**Directions for this task**
Lines from the beginning of the material below through the line that has "Today I'll show" are to be reproduced exactly, but pictures are not.

Data extracts Start Marker

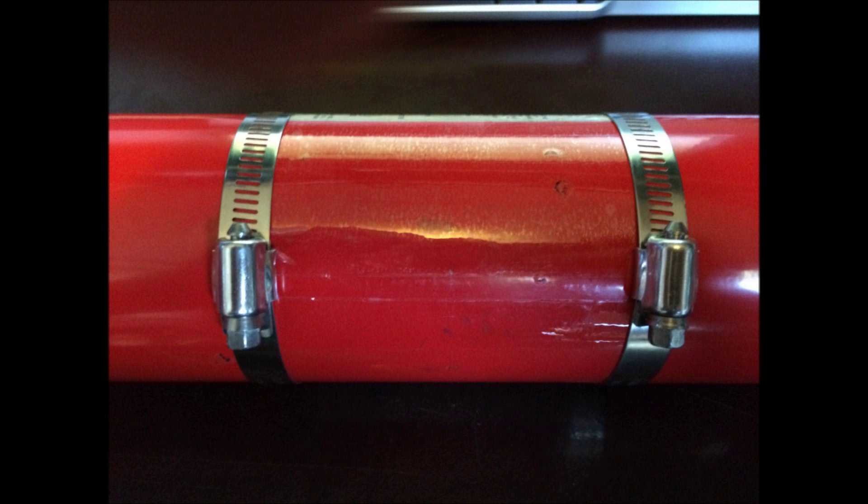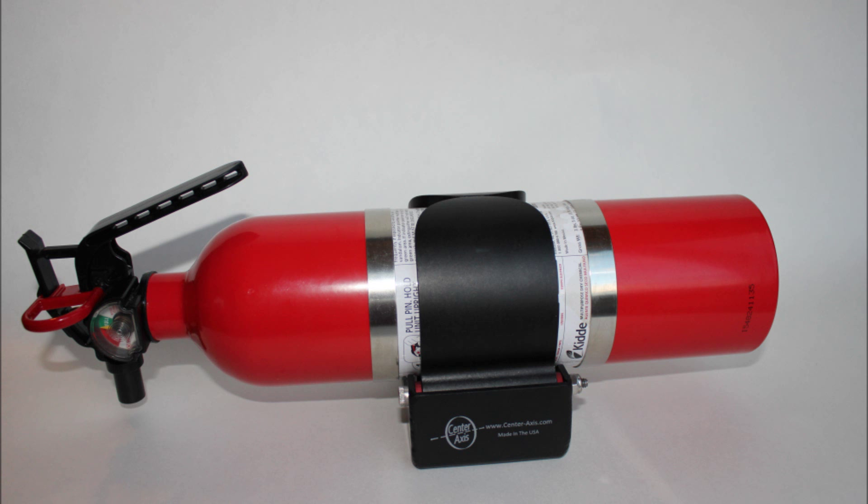This will leave enough room for the extinguisher to be rotated out of the mount. Do not install the clamps so that they are right up against the mount when the extinguisher is installed though. This will make it difficult to remove and may result in scratching on your anodized finish on the clamps.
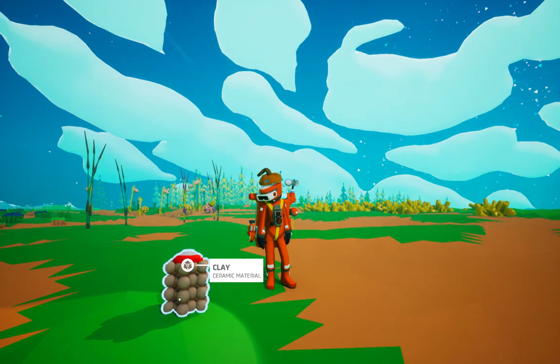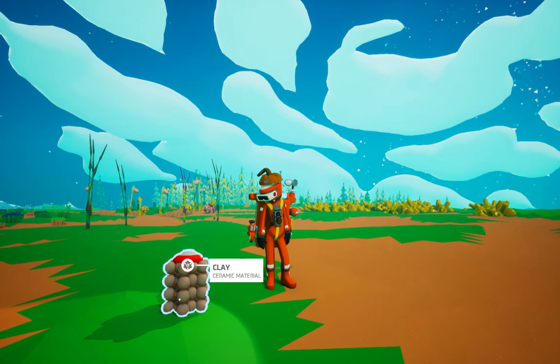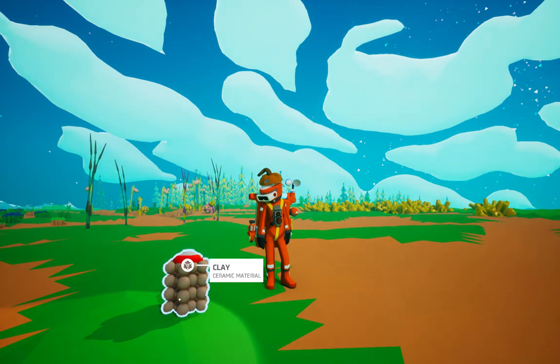But I'm still gonna do it. Clay still needs a little bit of love in the Astroneer community.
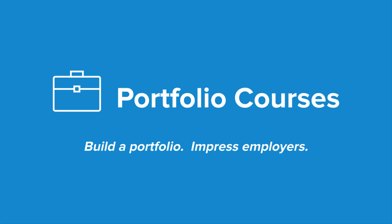Check out portfoliocourses.com where we'll help you build a portfolio that will impress employers, including courses to help you develop C programming projects. Thanks.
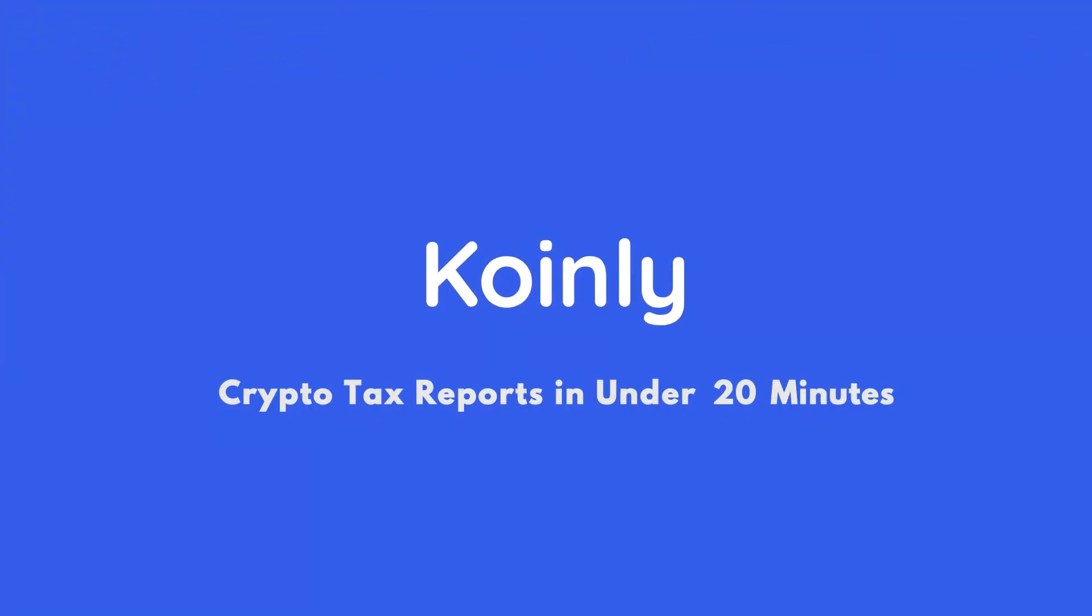Today I'll show you how to do your BitGet crypto taxes. Hello, my name is Nelly. Welcome back to another integration video. Today we're talking about BitGet and specifically how to do your crypto taxes with Coinly.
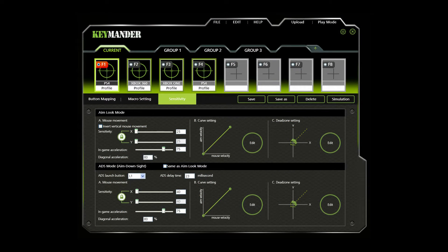The Sensitivity section is for configuring the sensitivity of mouse movements. You can set the mouse sensitivity for Aim Look Mode as well as ADS, or Aim Down Sight Mode.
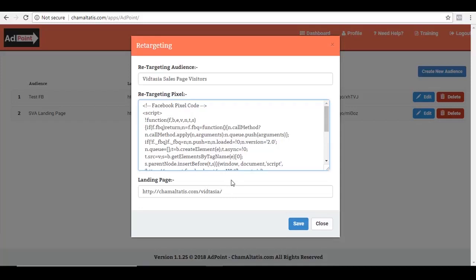Aside from that, let's say in the future, I will change the landing page of VidTasia. I don't have to go back to my ad campaign and mess around with it and find those links and change them one by one. What I can simply do is go back here and change this landing page link in the future. So those are just some of the uses.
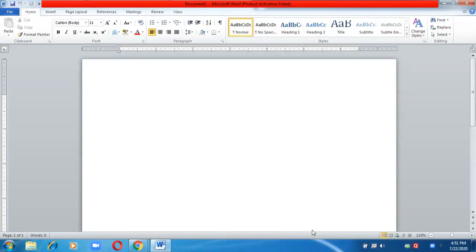Today we'll learn how to create an offline blog or a poster using MS Word. With the help of Word, we can create either an offline blog or a poster. I'll show you a few features of MS Word which you can use for creating both.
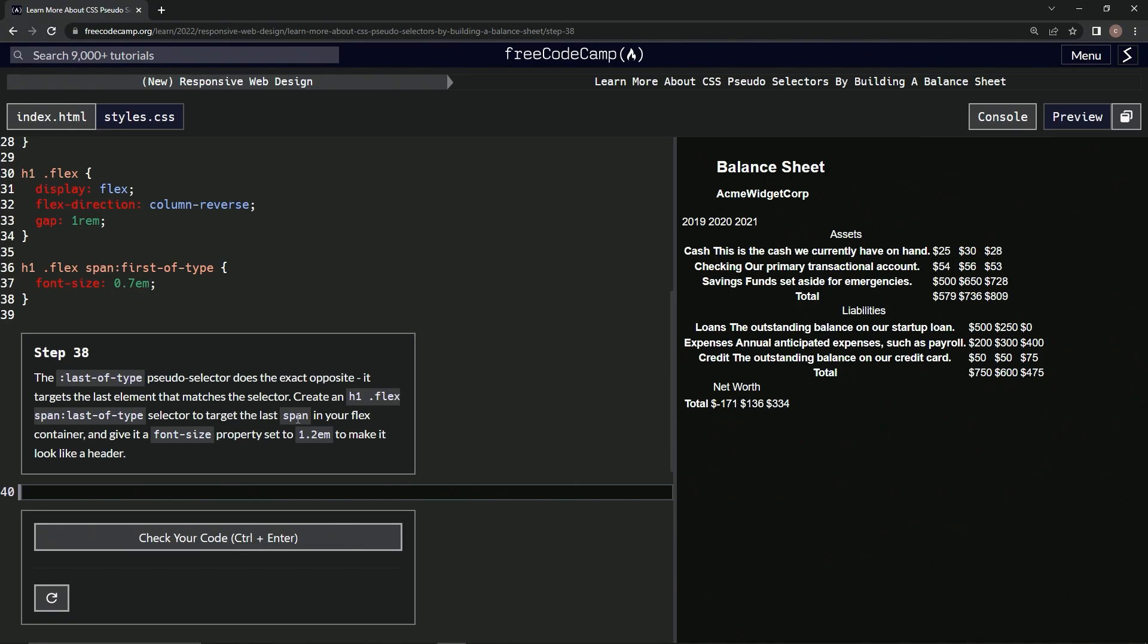Then we'll give it a font-size property set to 1.2em to make it look like a header. Okay, so I think we're just going to come up here.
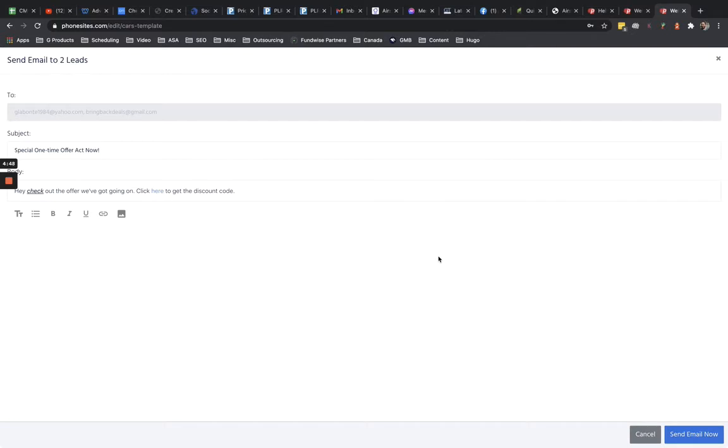Alright guys, hopefully this helps. If you have any questions, let me know. But again, you're probably going to need to refer to that custom SMTP video first. Thanks guys.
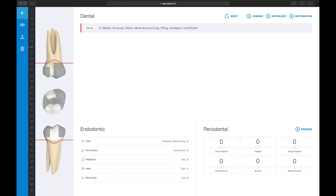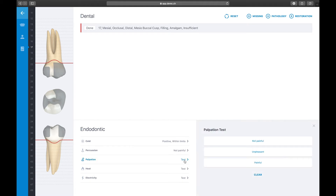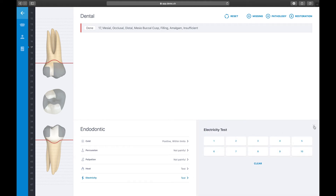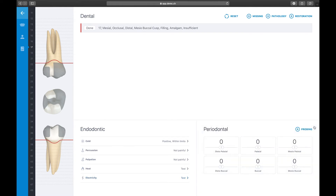Let's dig into entering endodontic test results to the tooth. In the endodontic section, you have several endodontic tests to choose from. Note that the cold test and the percussion test are already filled out since we entered these findings through the Quick Select function. Let's add the palpitation test to record if the bone is tender to palpitation in the region of tooth 17. Select Palpitation, then choose the patient's reaction — in our case, not painful. The heat and electricity tests are used when you need to test the pulp with heat or perform an electronic pulp test, for example in trauma cases.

Data extracts End Marker

**Output**
This will leave enough room for the extinguisher to be rotated out of the mount. Do not install the clamps so that they are right up against the mount when the extinguisher is installed though. This will make it difficult to remove and may result in scratching on your anodized finish on the clamps.
But I'm still gonna do it. Clay still needs a little bit of love in the Astroneer community.
Check out portfoliocourses.com where we'll help you build a portfolio that will impress employers, including courses to help you develop C programming projects. Thanks.
Today I'll show you how to do your BitGet crypto taxes. Hello, my name is Nelly. Welcome back to another integration video. Today we're talking about BitGet and specifically how to do your crypto taxes with Coinly.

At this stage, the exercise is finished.